Cyber-safety is a top priority

February 14, 2018

Safety first: Victorian students are set to benefit from the cyber-safety eSmart program.

Thousands more Victorian students will be taught how to stay safe online with the roll-out of the successful cyber-safety eSmart program to every school in the state.

Premier Daniel Andrews and Education Minister James Merlino recently announced an additional $2.5million to enable all Victorian schools, both government and non-government, to use the Alannah and Madeline Foundation’s eSmart program for free, meaning almost one million students will benefit from it every year.

Mr Andrews said costs should never act as barriers when protecting our kids.

‘‘We want every Victorian child and young person to stay safe online.
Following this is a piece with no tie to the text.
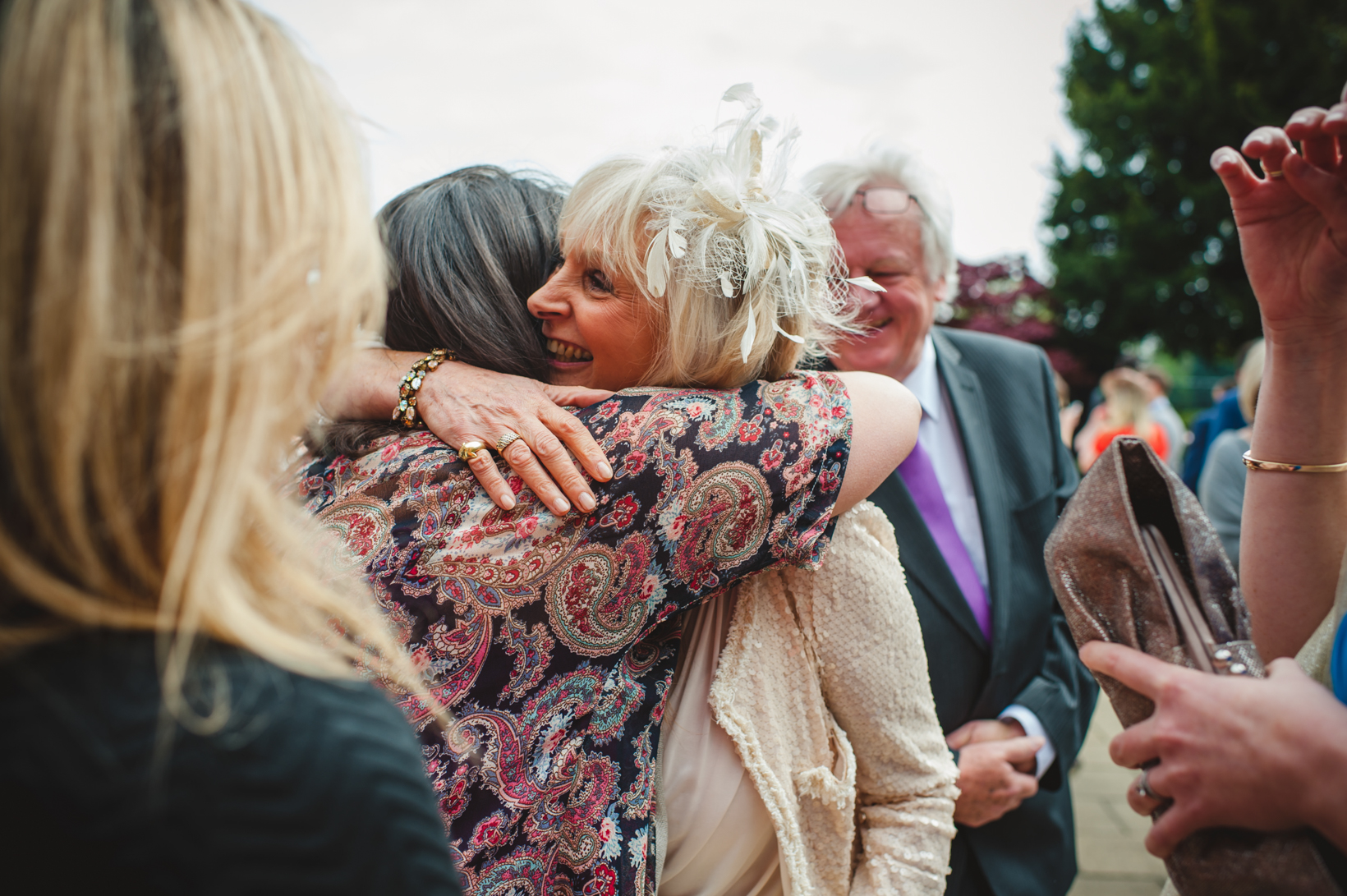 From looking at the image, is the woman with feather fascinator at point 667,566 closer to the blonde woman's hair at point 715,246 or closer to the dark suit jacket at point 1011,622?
the blonde woman's hair at point 715,246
That’s why we’re stepping in to provide this additional funding, because nothing is more important than the safety and happiness of our kids,’’ he said.
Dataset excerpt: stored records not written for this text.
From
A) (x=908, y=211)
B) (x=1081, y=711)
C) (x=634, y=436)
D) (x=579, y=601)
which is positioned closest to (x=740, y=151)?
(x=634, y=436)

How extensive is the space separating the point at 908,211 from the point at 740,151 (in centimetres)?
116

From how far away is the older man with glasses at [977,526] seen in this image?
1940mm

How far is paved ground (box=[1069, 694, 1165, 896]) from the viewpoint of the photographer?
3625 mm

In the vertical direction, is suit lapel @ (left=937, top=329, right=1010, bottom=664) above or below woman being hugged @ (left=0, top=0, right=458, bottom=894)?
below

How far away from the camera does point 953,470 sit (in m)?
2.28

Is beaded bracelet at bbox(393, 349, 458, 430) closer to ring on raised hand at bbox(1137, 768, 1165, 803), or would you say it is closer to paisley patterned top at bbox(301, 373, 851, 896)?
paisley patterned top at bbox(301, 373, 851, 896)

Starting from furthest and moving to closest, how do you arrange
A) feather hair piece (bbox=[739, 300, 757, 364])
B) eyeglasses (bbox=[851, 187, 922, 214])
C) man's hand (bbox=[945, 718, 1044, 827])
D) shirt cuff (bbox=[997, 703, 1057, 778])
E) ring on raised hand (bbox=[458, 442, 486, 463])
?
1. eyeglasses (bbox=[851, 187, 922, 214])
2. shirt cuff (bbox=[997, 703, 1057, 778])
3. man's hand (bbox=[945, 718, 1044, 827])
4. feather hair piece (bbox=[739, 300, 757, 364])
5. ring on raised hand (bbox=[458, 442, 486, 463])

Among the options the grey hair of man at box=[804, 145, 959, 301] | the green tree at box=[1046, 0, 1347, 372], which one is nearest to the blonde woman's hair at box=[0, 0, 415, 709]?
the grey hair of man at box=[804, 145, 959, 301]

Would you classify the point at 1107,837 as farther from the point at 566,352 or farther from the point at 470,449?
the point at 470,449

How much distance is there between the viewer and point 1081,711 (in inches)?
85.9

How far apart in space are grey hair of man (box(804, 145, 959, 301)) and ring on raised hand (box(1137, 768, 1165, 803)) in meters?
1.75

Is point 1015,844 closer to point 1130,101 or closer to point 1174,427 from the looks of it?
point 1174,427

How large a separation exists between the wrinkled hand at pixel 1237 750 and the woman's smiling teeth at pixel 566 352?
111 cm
The program provides support for government, Catholic and independent schools to create cyber-safe environments for their students through policies and practices encouraging students to use technology responsibly.
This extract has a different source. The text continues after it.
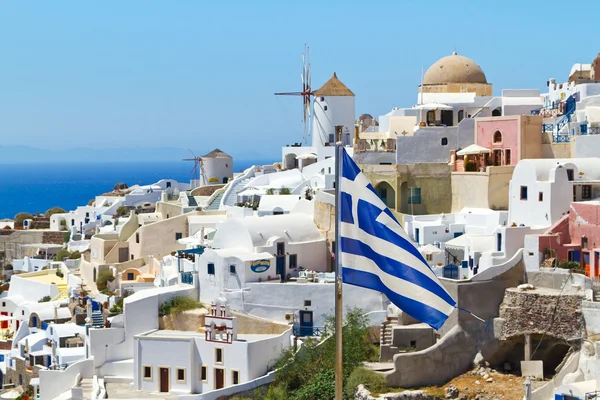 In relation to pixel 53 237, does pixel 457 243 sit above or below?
above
This includes helping schools create their own plans, policies and procedures, access the latest resources and tools and record, track and report on their progress in achieving eSmart status.

With young people now accessing the internet and social media at unprecedented levels, programs like eSmart to help them make smart choices online are more important than ever.

This is in addition to a suite of Victorian anti-bullying resources being brought together under the state government’s new $7million Victorian Anti-Bullying and Mental Health Initiative, including Bully Stoppers, Safe Schools, Respectful Relationships and new initiatives to tackle racist bullying.

About one in five young people experience bullying, affecting their academic performance and self-esteem, leading to anxiety, depression and self-harm.